(GIVEN ENTRIES)
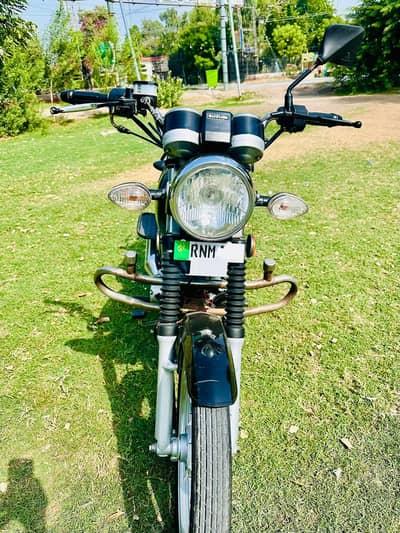  Suzuki GS 150 – Alloy Rim – Excellent Condition – For Sale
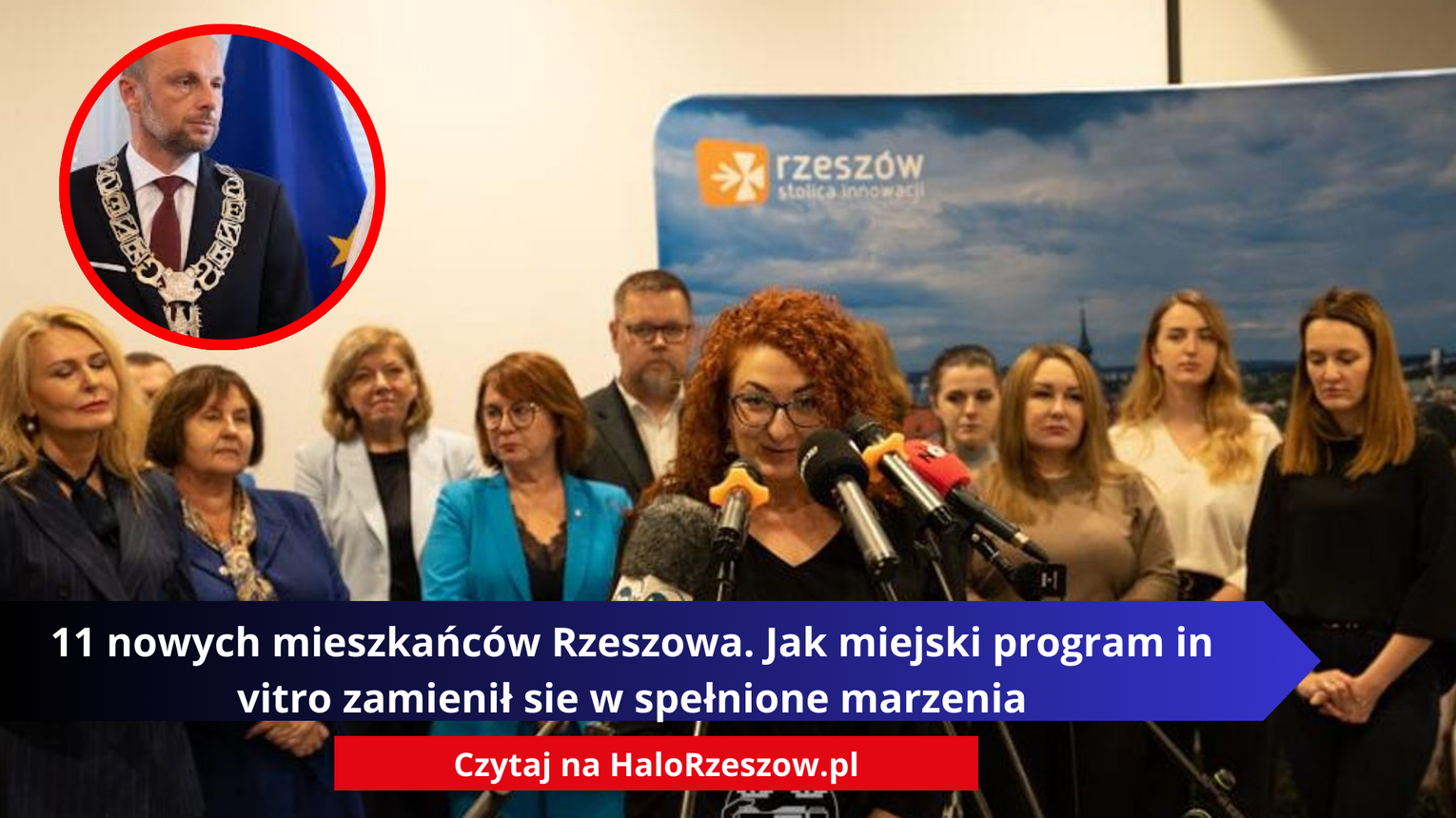 11 nowych mieszkańców Rzeszowa. Jak miejski program in vitro zamienił sie w spełnione marzenia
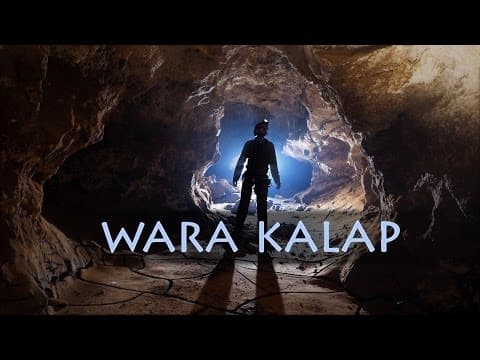 Wara Kalap: caving exploration in Papua New Guinea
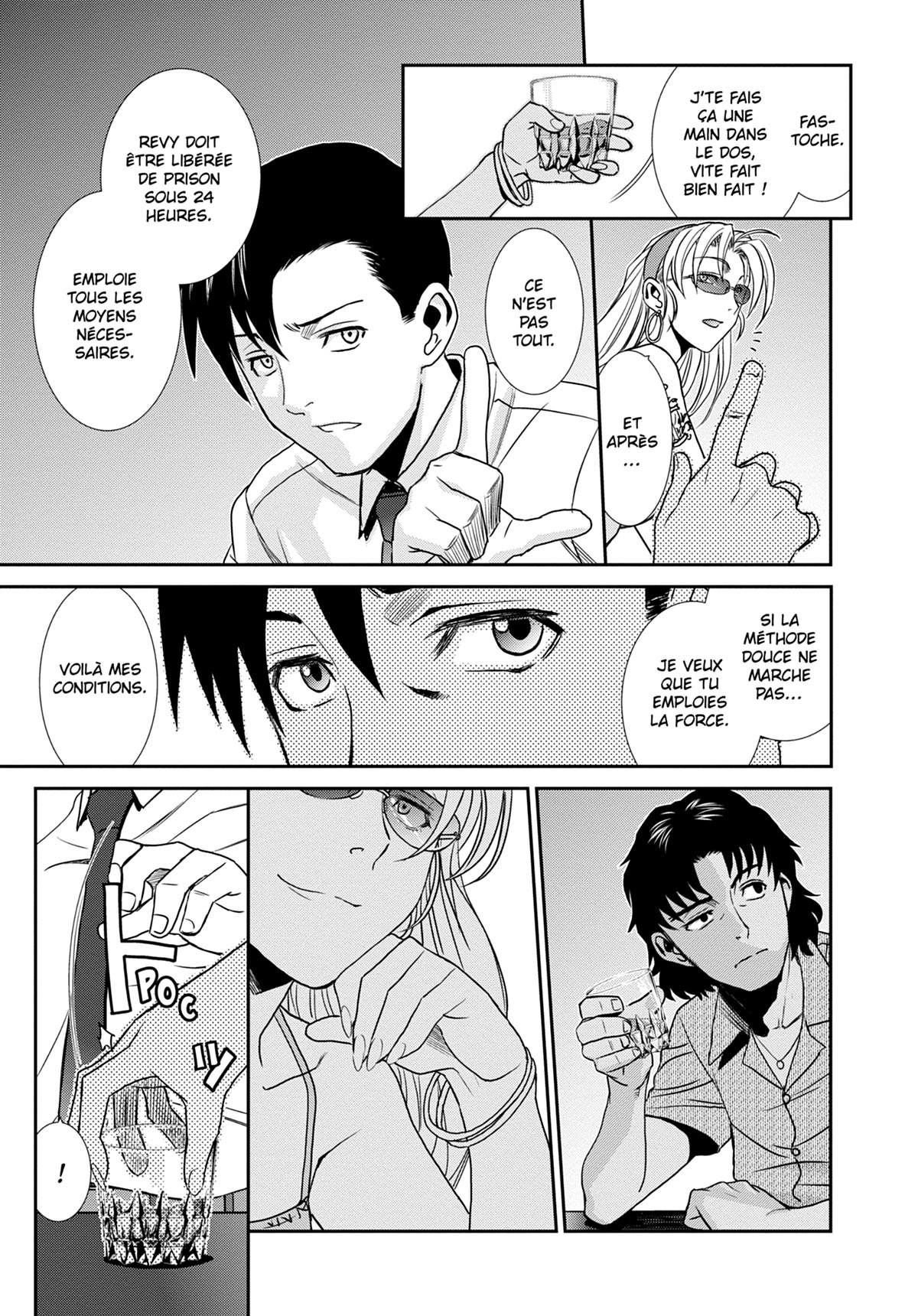 Read Black Lagoon FR Manga Online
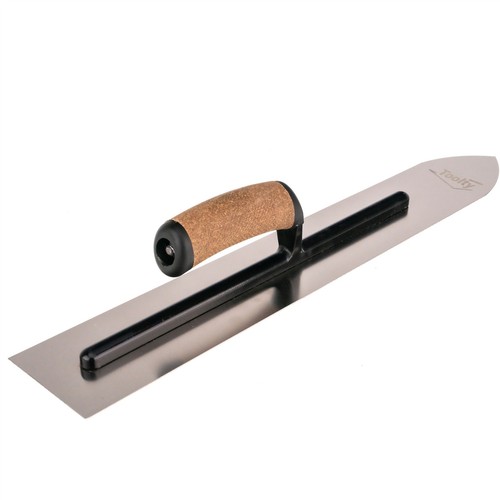 Pointed Flooring Trowel Bullnose Screeding Finishing Concrete Tool 19"  Toolty - Picture 5 of 9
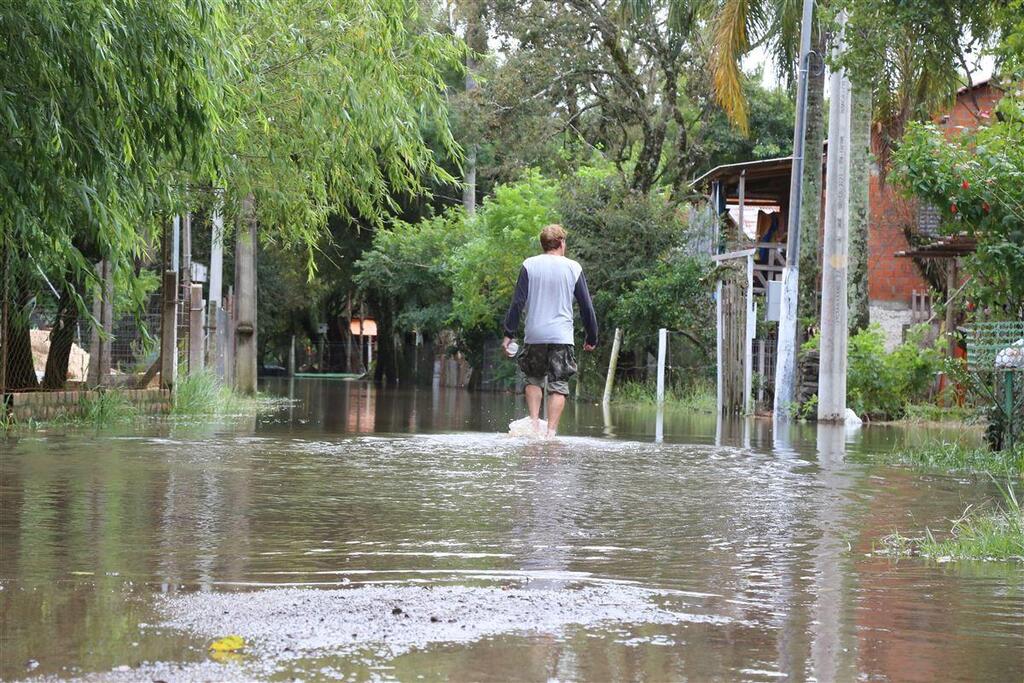 Nível do Rio Vacacaí começa a baixar no Passo do Verde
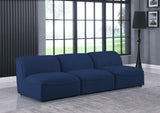 Miramar Modular Sofa - Luxurious Linen Texture, Contemporary Design, and Endless Configuration Options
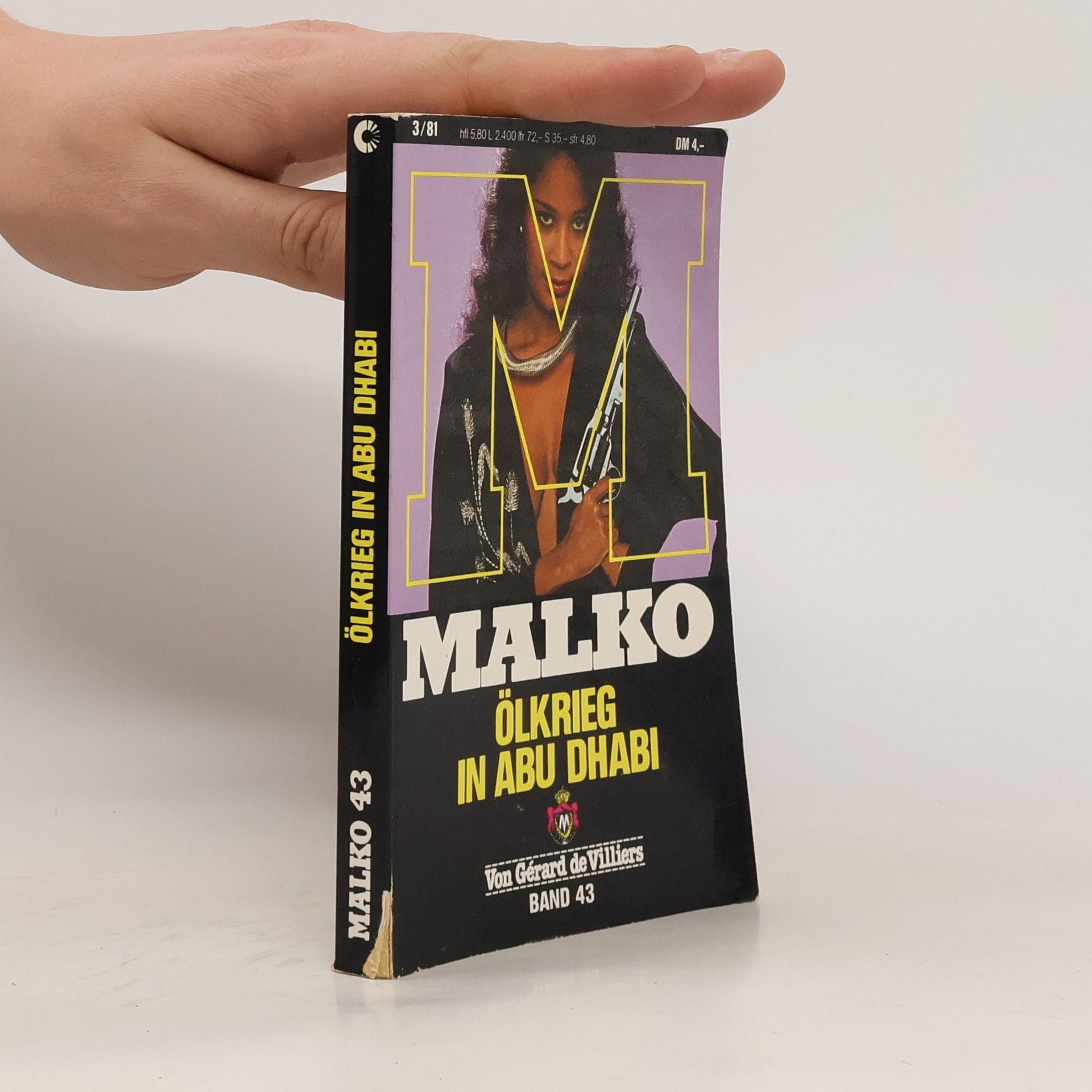 Von Gérard de Villiers Malko 43. Ölkrieg in Abu Dhabi
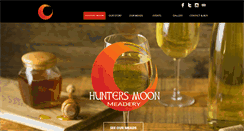 Desktop Screenshot of huntersmoonmeadery.com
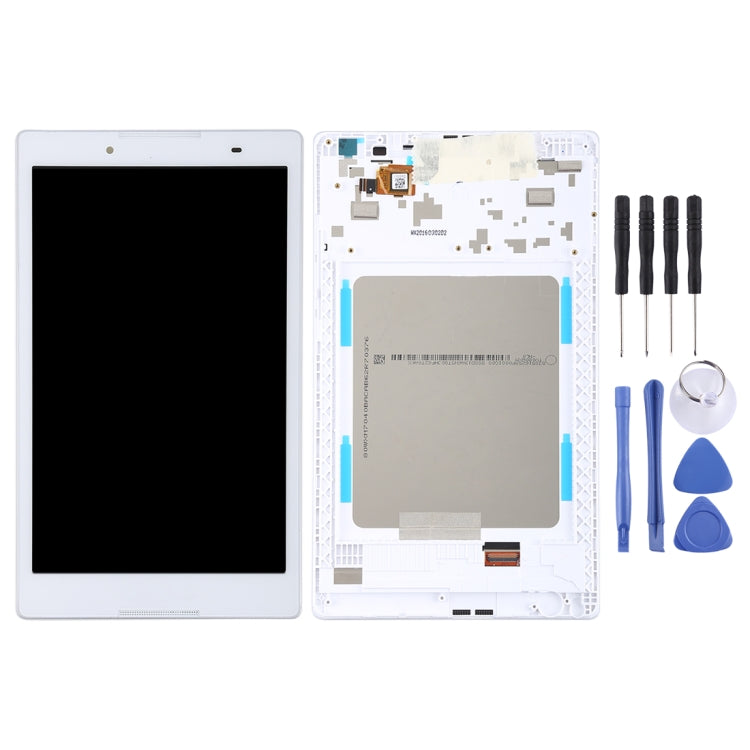 หน้าจอแอลซีดีและชุดประกอบDigitizerพร้อมกรอบสำหรับLenovo Tab 2 A8-50 A8-50F A8-50LC, For Lenovo Tab 2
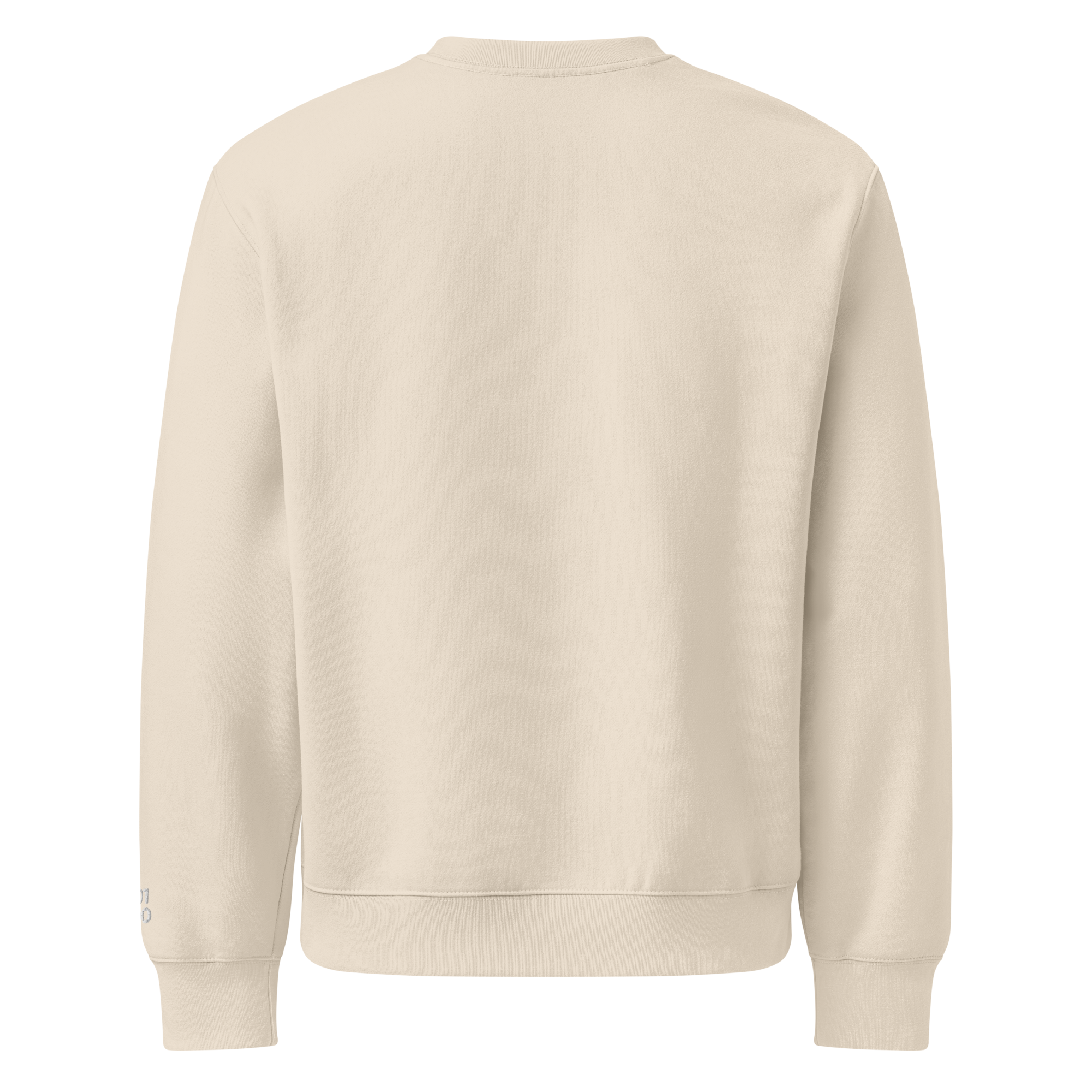 LEVN. Limited Signature Crewneck - Beige White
(End GIVEN ENTRIES)
→ **PROBLEM TO SOLVE**
Every line from the one with "Read Black Lagoon FR Manga Online" through the one with "Nível do Rio" is to be reproduced exactly as written above, and the pictures are to be dropped.

→ **YOUR SOLUTION**
 Read Black Lagoon FR Manga Online
 Pointed Flooring Trowel Bullnose Screeding Finishing Concrete Tool 19"  Toolty - Picture 5 of 9
 Nível do Rio Vacacaí começa a baixar no Passo do Verde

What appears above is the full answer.